(Saved entries)
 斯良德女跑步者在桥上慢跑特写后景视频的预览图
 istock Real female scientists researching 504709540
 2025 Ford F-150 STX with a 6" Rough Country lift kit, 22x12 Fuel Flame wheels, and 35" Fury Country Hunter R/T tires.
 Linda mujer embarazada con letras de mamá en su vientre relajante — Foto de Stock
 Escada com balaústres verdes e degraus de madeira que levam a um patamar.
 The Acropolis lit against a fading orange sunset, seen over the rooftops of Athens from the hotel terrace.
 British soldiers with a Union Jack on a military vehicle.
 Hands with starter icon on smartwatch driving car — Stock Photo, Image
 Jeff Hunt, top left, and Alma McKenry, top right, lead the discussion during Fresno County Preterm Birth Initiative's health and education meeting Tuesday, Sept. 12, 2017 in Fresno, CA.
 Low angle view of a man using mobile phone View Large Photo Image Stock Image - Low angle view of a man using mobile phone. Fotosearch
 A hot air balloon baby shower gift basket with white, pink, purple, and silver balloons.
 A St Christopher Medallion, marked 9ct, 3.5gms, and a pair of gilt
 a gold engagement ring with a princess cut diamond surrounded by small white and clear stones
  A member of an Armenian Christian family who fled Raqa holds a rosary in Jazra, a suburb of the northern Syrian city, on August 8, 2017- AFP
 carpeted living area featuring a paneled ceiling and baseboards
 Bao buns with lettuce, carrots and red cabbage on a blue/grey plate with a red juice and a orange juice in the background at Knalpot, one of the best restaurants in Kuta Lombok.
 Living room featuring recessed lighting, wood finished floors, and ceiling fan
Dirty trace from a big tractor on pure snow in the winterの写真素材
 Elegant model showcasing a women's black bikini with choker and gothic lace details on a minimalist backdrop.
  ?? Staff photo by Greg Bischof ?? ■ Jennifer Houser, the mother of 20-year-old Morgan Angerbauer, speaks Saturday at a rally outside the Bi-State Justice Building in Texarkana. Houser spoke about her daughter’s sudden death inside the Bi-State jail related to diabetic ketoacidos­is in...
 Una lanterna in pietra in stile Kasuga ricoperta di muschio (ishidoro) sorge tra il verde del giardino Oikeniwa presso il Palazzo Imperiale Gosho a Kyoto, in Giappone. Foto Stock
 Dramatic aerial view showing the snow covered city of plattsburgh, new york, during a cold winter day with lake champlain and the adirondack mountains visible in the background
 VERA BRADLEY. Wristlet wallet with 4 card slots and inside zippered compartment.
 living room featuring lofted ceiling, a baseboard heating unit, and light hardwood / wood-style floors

▸ **Exercise goal**
Using the entries above, quote each line verbatim from the first through the line that contains "Bao buns with".

▸ **Solution for this task**
 斯良德女跑步者在桥上慢跑特写后景视频的预览图
 istock Real female scientists researching 504709540
 2025 Ford F-150 STX with a 6" Rough Country lift kit, 22x12 Fuel Flame wheels, and 35" Fury Country Hunter R/T tires.
 Linda mujer embarazada con letras de mamá en su vientre relajante — Foto de Stock
 Escada com balaústres verdes e degraus de madeira que levam a um patamar.
 The Acropolis lit against a fading orange sunset, seen over the rooftops of Athens from the hotel terrace.
 British soldiers with a Union Jack on a military vehicle.
 Hands with starter icon on smartwatch driving car — Stock Photo, Image
 Jeff Hunt, top left, and Alma McKenry, top right, lead the discussion during Fresno County Preterm Birth Initiative's health and education meeting Tuesday, Sept. 12, 2017 in Fresno, CA.
 Low angle view of a man using mobile phone View Large Photo Image Stock Image - Low angle view of a man using mobile phone. Fotosearch
 A hot air balloon baby shower gift basket with white, pink, purple, and silver balloons.
 A St Christopher Medallion, marked 9ct, 3.5gms, and a pair of gilt
 a gold engagement ring with a princess cut diamond surrounded by small white and clear stones
  A member of an Armenian Christian family who fled Raqa holds a rosary in Jazra, a suburb of the northern Syrian city, on August 8, 2017- AFP
 carpeted living area featuring a paneled ceiling and baseboards
 Bao buns with lettuce, carrots and red cabbage on a blue/grey plate with a red juice and a orange juice in the background at Knalpot, one of the best restaurants in Kuta Lombok.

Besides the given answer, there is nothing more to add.